If the applicant pool is large enough any quick way to discriminate that skews positively for applicant capability is going to be used. It is also much easier to see if someone has a degree than to actually test if they have the required skills.

2 comments

> If the applicant pool is large enough any quick way to discriminate that skews positively for applicant capability is going to be used.

I think a lot of self-taught developers (myself too earlier in my career) fail to realize this.

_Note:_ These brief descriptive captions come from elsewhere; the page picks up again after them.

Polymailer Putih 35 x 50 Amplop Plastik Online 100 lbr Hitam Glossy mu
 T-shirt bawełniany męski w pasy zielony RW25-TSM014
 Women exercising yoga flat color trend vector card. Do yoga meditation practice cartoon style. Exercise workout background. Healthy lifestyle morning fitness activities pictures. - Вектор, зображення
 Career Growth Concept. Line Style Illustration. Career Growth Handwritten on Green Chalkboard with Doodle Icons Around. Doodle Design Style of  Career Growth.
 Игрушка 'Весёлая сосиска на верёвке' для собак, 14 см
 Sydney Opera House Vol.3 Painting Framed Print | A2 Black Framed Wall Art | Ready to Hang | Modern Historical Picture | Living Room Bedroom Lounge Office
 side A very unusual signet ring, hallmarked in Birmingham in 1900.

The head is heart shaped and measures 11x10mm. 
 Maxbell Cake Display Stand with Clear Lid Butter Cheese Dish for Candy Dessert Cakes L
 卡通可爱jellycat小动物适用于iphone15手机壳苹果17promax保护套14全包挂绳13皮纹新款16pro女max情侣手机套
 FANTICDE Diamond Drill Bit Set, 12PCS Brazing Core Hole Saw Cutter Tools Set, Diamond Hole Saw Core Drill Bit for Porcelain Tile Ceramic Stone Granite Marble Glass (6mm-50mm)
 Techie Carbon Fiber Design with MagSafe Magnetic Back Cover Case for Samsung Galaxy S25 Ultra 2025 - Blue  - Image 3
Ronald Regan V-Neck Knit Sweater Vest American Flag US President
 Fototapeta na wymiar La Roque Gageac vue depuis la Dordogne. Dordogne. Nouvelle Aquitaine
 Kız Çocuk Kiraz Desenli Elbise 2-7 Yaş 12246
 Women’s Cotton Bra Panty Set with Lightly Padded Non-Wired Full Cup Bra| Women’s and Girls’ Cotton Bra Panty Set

If you've got 1,000 applicants and your job is to schedule 10 interviews from that pool, you will do anything that won't absolutely destroy candidate quality. It's not about the finding the best, it's about finding someone who wants the job and will be able to do it. The name of the game is not minimizing false negatives (disregarding good people), but minimizing false positives (interviewing shitbirds).

So if you work for BigCo you say the person need three years of corporate experience. You're down to 800 applicants. One year of experience in the JavaScripts. 750 applicants. Maybe the phrase "SQL Server" has to be on their resume. 400 applicants. College degree. 320 applicants. Computer Science degree. 120 applicants. Maybe you want to filter by your preferred recruiter, because they only charge you 11% of base salary instead of 18% like that other firm. 22 applicants. Now you can actually read the resumes and pick the top half to interview. Anyone who actually wrote a cover letter and is in this pile is pretty much guaranteed an interview.

That might make sense, but why the difference between Europe and the US, if in fact it exists as the grandparent claimed?

It's true that it's costly and hard to test one's skills. The trouble with grades though is some people cheat brilliantly on their tests and others, some of them really good, test badly (if they're bored they don't prep, screw the grade average, etc) and some of the latter are actually extremely pragmatic on the job. I don't quite understand it but it's there.